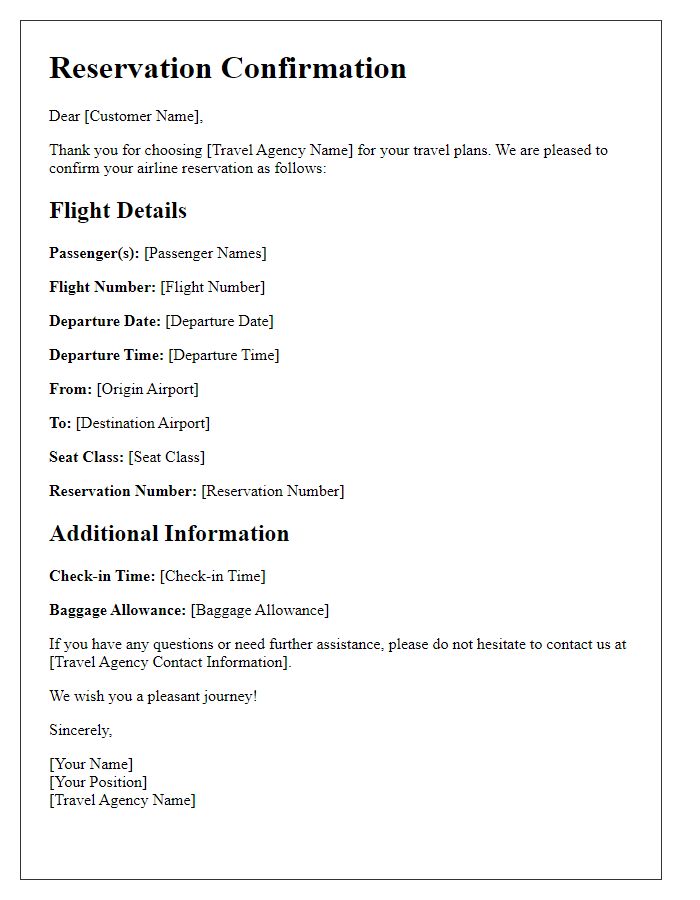 Letter template of airline reservation confirmation for travel agency use.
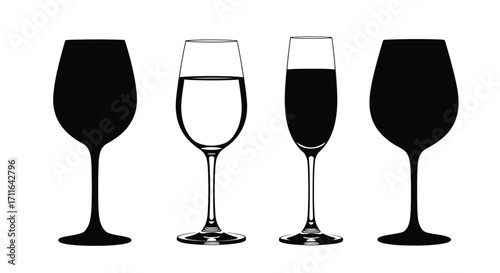 Four silhouette wine glasses and champagne flutes featuring liquids and transparent designs vector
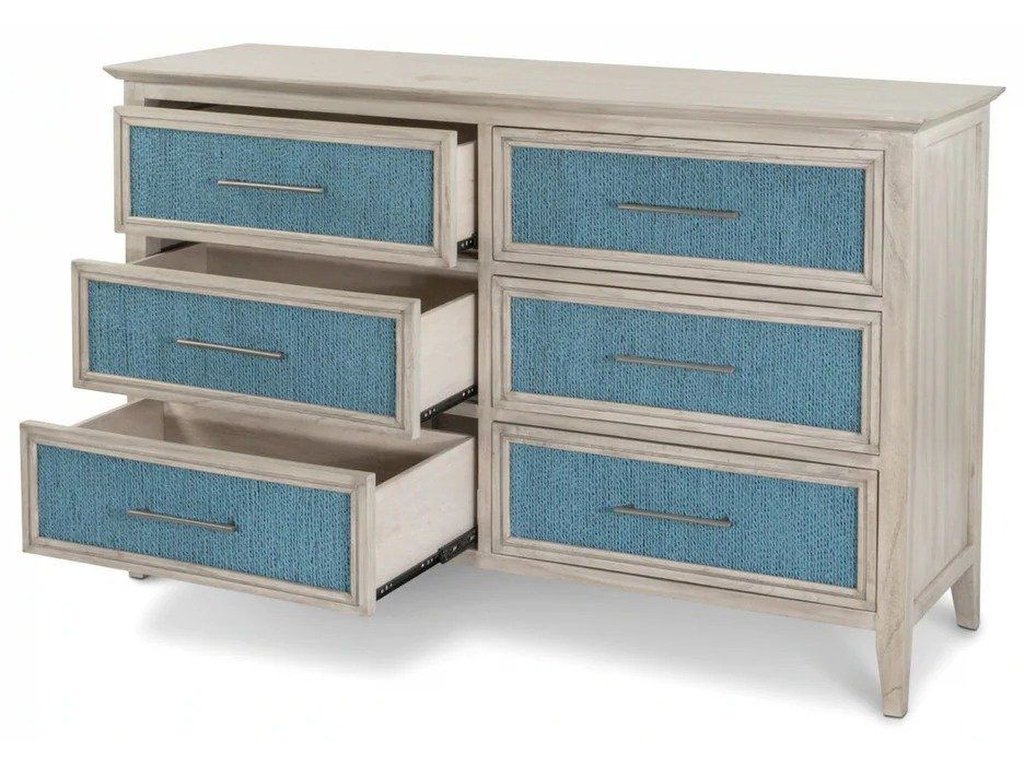 6 Drawer Woven Dresser in Ocean Blue/Aged Ivory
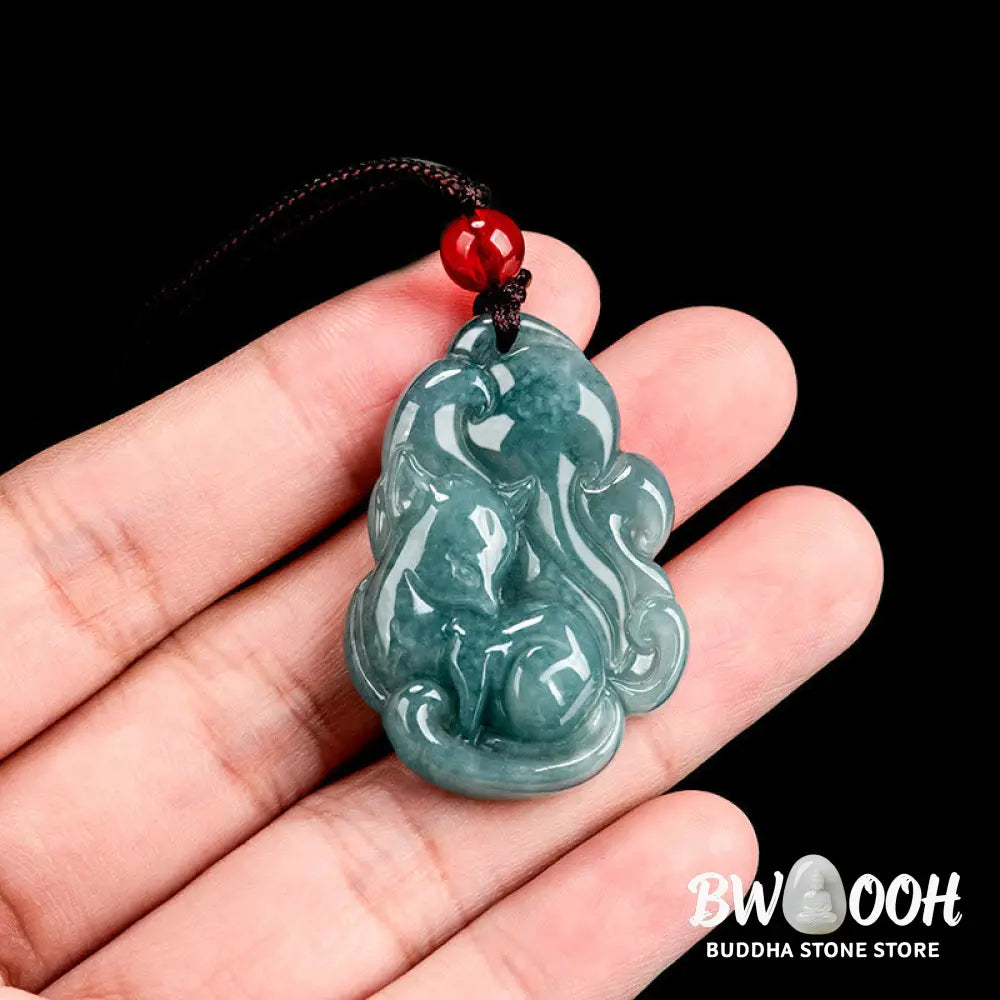 Buddha Stones Natural Green Jade Nine Tailed Fox Fairy Prosperity Necklace Pendant - BWOOOH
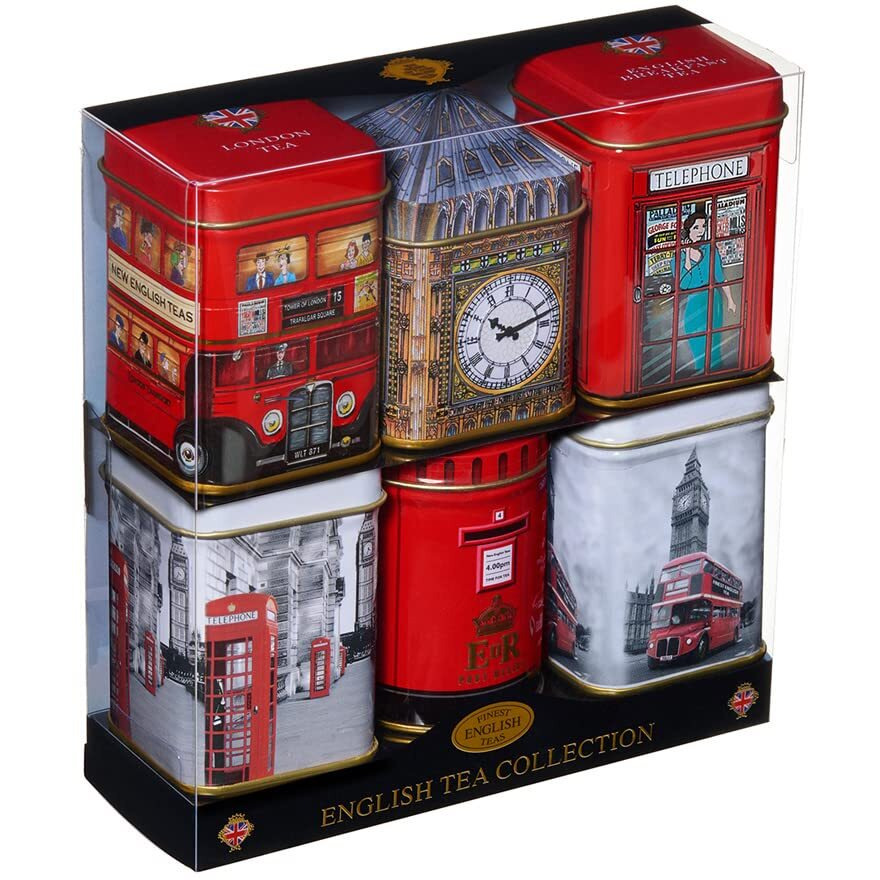 Iconic London Sights 6X Tea Tins With Fine English Breakfast Loose Leaf Tea, British Souvenir, Big Ben, Uk Foods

_Exercise directions_.
Output a precise copy of the entries, leaving the images out.

_Result for this task_.
 Letter template of airline reservation confirmation for travel agency use.
 Four silhouette wine glasses and champagne flutes featuring liquids and transparent designs vector
 6 Drawer Woven Dresser in Ocean Blue/Aged Ivory
 Buddha Stones Natural Green Jade Nine Tailed Fox Fairy Prosperity Necklace Pendant - BWOOOH
 Iconic London Sights 6X Tea Tins With Fine English Breakfast Loose Leaf Tea, British Souvenir, Big Ben, Uk Foods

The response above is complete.